▶ Action item:
Nothing but the lines below from the one holding "Photo 2 from" up to and including the one holding "Umetna rastlina Aloe 13,5 cm" should be copied, exactly and without pictures.

▶ Supplied data:
__________

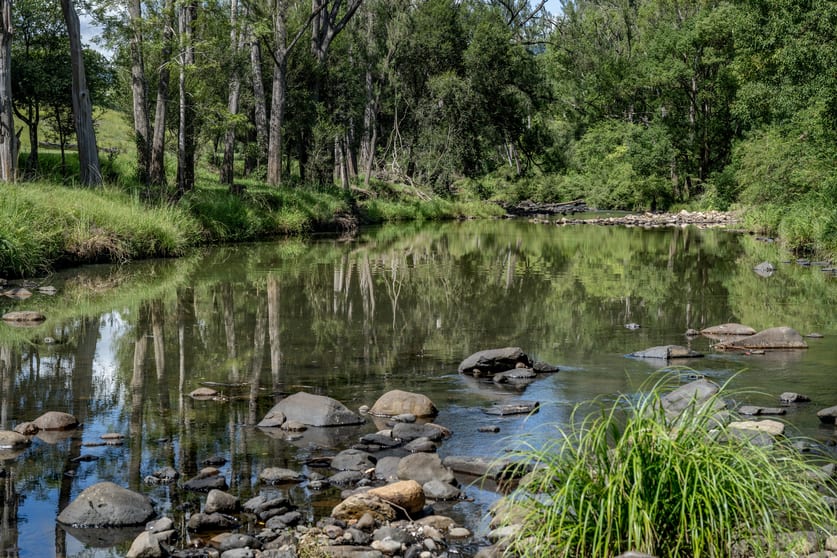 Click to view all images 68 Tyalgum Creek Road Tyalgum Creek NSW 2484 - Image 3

__________

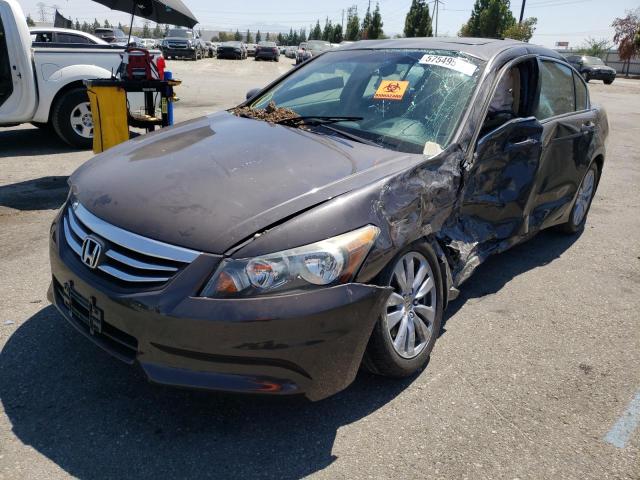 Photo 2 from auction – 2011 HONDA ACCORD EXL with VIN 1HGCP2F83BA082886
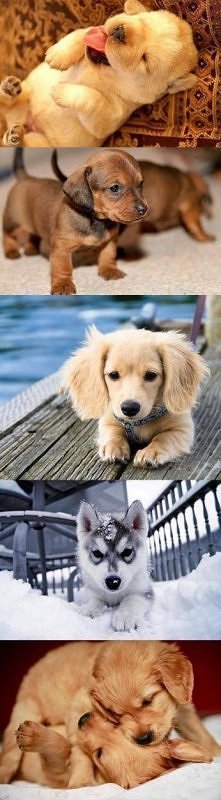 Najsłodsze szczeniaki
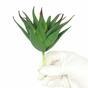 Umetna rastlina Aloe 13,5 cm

__________

▶ Result for this task:
 Photo 2 from auction – 2011 HONDA ACCORD EXL with VIN 1HGCP2F83BA082886
 Najsłodsze szczeniaki
 Umetna rastlina Aloe 13,5 cm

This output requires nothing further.